Je pense que tant qu'on a assez de force dans les mains pour déboucher une bonne bouteille (Bourgogne, Grands Crus -Bourgeois ou non- du Bordelais, Médoc, Saint-Emilion (entre autres), Gewurztraminer, Sylvaner, Riesling, Bandol, Côtes-du -Rhône, Costières de Nîmes, Jurançon etc. etc.), la vie vaut encore la peine d'être vécue. Afin de ne pas tomber sous le coup de la loi -je me prends assez de coups dans la gueule pour en avoir ma claque- je précise que tout cela est à consommer avec modération. Par ailleurs, il me semble plus prudent, dans un Etat où l'on légifère à tour de bras, et où les gardes-à-vue prolifèrent plus vite que le virus A-H1N1-, de faire profil bas, afin de pouvoir lever le coude chez soi en toute tranquillité, clé de la voiture sagement rangée dans l'armoire, le panier, ou accrochée au clou de l'entrée (qui sert aussi de sortie) de la maison.

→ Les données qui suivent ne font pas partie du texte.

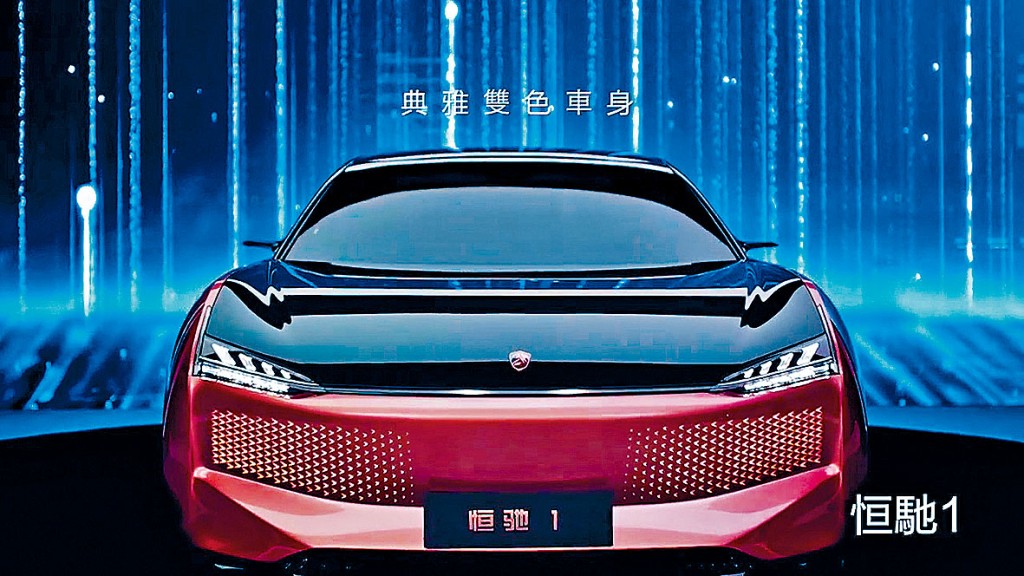 恒汽2021及2022年度合共虧損近840億人民幣。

Si vous ajoutez à la dégustation d'un verre de, par exemple, "Premier Cru Beaune du Château", en l'occurrence blanc sec et délicieusement fruité, celle d'un cigare, Havane de préférence, dont on vous avise qu'il va vous tuer, ou au mieux anéantir votre capacité de procréer (enfin, une vraie bonne nouvelle !), vous avez le bonheur -qui ne peut être que fugitif, contrairement à ce que l'on essaie de nous faire croire- de jouir de quelques instants parfaits.

dimanche 28 février 2010

00 :01

...l' heure qui s'affiche sur mon ordinateur (ou peut-être : "désordinateur"... ?) On en est à 00 : 03, le temps que j'écrive ces quelques mots. C'est peut-être mon anniversaire, puisque nous sommes entre le 28 février -déjà fini- et le 1er mars -à peine commencé- , je vous assure qu'être né(e) un jour aussi incertain que le 29 février n'est pas anodin. La seule chose dont on est sûr(e) c'est d'avoir pris un an de plus, comme tout un chacun mais on reste dans une sorte de doute. Est-ce que toutes les personnes né(e)s un 29 février qui, par un hasardeux hasard, liraient ce blog, pourraient me faire part de leur vécu, leur ressenti (et tous autres mots plus ou moins à la mode) à partir de ce flou, trois ans durant, de l'exactitude de leur date de naissance ? Et si, après tout, on se disait qu'on gagne un jour par an dans notre inéluctable vieillissement ? Et donc qu'on vieillit trois jours de moins qu'autrui sur quatre ans ? Version optimiste.
00 : 24. Bon anniversaire et bonne nuit !

dimanche 21 février 2010

Oui mais, ou bien post-scriptum... ?

C'est la première fois que je passe une soirée entière avec une personne inconnue qui m'a lue et qui a aimé ce que j' ai écrit (ça y est, je suis arrivée à dire : "ce que j'ai écrit ! ") et qui se trouve être une femme qui a choisi son devenir, qui l' assume, une femme que j'aurais aimé être, dont j'envie la force et la détermination. Je devrais dire : 2 femmes, parce que "l'amie d'ami" a eu le même courage, a lutté pour sa vie -sa survie ?- et celle de ses enfants, et je trouve cela totalement admirable.